But Kostner wasn't doing quads year in and year out leading up to Sochi. She wasn't even doing the lutz for a couple of years in there, or 3/3s either, due to injury. But she was competing every year, although not necessarily dominating. It's Chan's drive to dominate that will ultimately wear him out before 2018 if he continues to compete on a regular basis. And if he doesn't compete on a regular basis, then sporadic rigorous training can lead to injury (which happened to Lysacek and Cohen).
^^But the only person you've named that's a singles skater is Caro. (I'll add: Plush, Irina). Pairs/ice dance is a different matter.

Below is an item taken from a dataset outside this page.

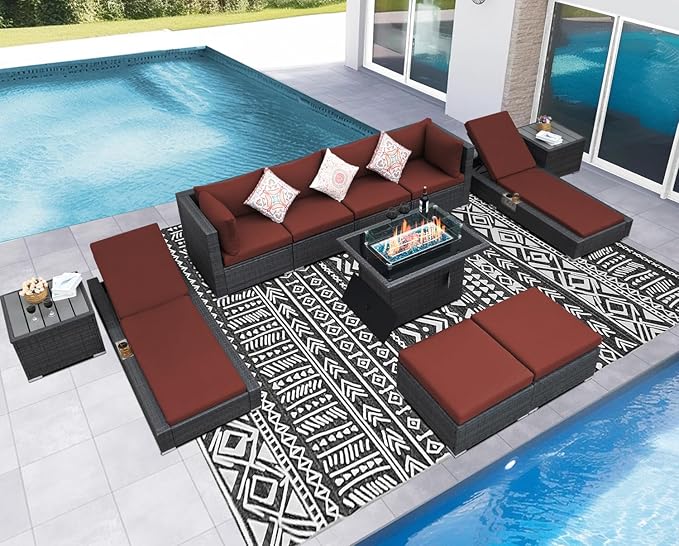 NICESOUL 11 Piece Sectional Outdoor Set with Chaise Lounge, Extra Large Backyard Seating with Firepit, 29.3'' Highback Patio Couch Sofa, Heavy Duty All-Weather Wicker Furniture for Deck, Grey & Red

In singles, 27 really isn't the ideal age. Especially since Chan appears to have already peaked (unlike Javi/Machida/Caro, who were late bloomers), and is already getting outclassed technically (unlike Plush and Irina when they competed at that age).
I'd be the last person to encourage anyone to retire the moment they peak, Ilia Kulik-style. I love it when the old-timers make it! (I've defended Aliona many times) But I'm just saying, there'll be no shame in Chan returning and getting no medal.
He's a beautiful skater to watch, and medal or none, it will be a treat to see him compete again. And if anything, it's commendable if he still wants to compete when the field will presumably have progressed. He must have been bored winning almost everything the past quadrennial, so it'll be nice to see how he stacks up with more of a challenge, now that his main competition has somewhat caught up to him artistically and are also themselves pushing the technical boundaries.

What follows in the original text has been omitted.